Pengesahan Raperda Anggaran Pendapatan dan Belanja Daerah (APBD) Semesta Berencana Tahun Anggaran 2026 dalam Rapat Paripurna ke-12 dan ke-13 pada Senin (17/11) di Gedung Wiswa Sabha Utama, Kantor Gubernur Bali, Denpasar. (Foto: Istimewa) 

DENPASAR, LIPUTANINFOWARGA.COM – Dewan Perwakilan Rakyat Daerah (DPRD) Provinsi Bali secara resmi mengesahkan Rancangan Peraturan Daerah (Raperda) Anggaran Pendapatan dan Belanja Daerah (APBD) Semesta Berencana Tahun Anggaran 2026 menjadi Peraturan Daerah (Perda). Pengesahan ini dilakukan dalam Rapat Paripurna ke-12 dan ke-13 yang bertempat di Gedung Wiswa Sabha Utama, Kantor Gubernur Bali, Denpasar, pada Senin, 17 November 2025.

Keputusan penting yang diambil adalah pengesahan APBD 2026, yang menunjukkan postur anggaran daerah memiliki Pendapatan sebesar Rp6,33 triliun dan Belanja mencapai Rp7,16 triliun. Hal ini menghasilkan defisit anggaran sebesar Rp834,37 miliar.

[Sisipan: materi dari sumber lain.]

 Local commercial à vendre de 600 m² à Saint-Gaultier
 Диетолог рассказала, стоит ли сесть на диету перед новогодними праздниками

Selain itu, Gubernur Bali, Wayan Koster, memaparkan dan memprioritaskan tiga Raperda strategis yang akan menjadi fokus pembangunan pada tahun 2026:
* Raperda Perlindungan Sempadan Pantai.
* Raperda Pendirian Perumda Kerta Bhawana Sanjiwani (untuk penguatan layanan air bersih).
* Raperda Perubahan Nomenklatur Dinas Pariwisata menjadi Dinas Pariwisata dan Ekonomi Kreatif.

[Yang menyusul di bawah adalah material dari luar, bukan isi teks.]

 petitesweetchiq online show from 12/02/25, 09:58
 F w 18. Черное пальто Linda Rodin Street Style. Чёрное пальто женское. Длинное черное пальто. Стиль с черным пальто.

Di sisi lain, DPRD melalui Badan Pembentukan Peraturan Daerah (Bapemperda) juga mengajukan Raperda Inisiatif tentang Penghormatan, Pelindungan, dan Pemenuhan Hak Penyandang Disabilitas sebagai penyempurnaan dari regulasi yang sudah ada.

Proses pengesahan dan penetapan prioritas ini melibatkan eksekutif, diwakili oleh Gubernur Bali Wayan Koster, dan legislatif, yang diwakili oleh DPRD Bali. Koster berperan memastikan APBD defisit dapat berjalan karena ditutupi oleh Sisa Lebih Perhitungan Anggaran (SiLPA) Tahun 2025 dan menjamin regulasi strategis fokus pada perlindungan ruang adat/sakral, lingkungan, layanan publik, serta daya saing ekonomi.

Defisit anggaran dipastikan aman karena ditutup dari alokasi SiLPA 2025, yang menunjukkan upaya menjaga keberlanjutan program pembangunan di tengah keterbatasan fiskal. Tiga Raperda strategis Gubernur dinilai penting untuk melindungi ruang adat dan sakral (Sempadan Pantai), memperkuat pengelolaan lingkungan dan layanan publik (Air Bersih), dan mendorong daya saing serta pengakuan sektor ekonomi kreatif Bali.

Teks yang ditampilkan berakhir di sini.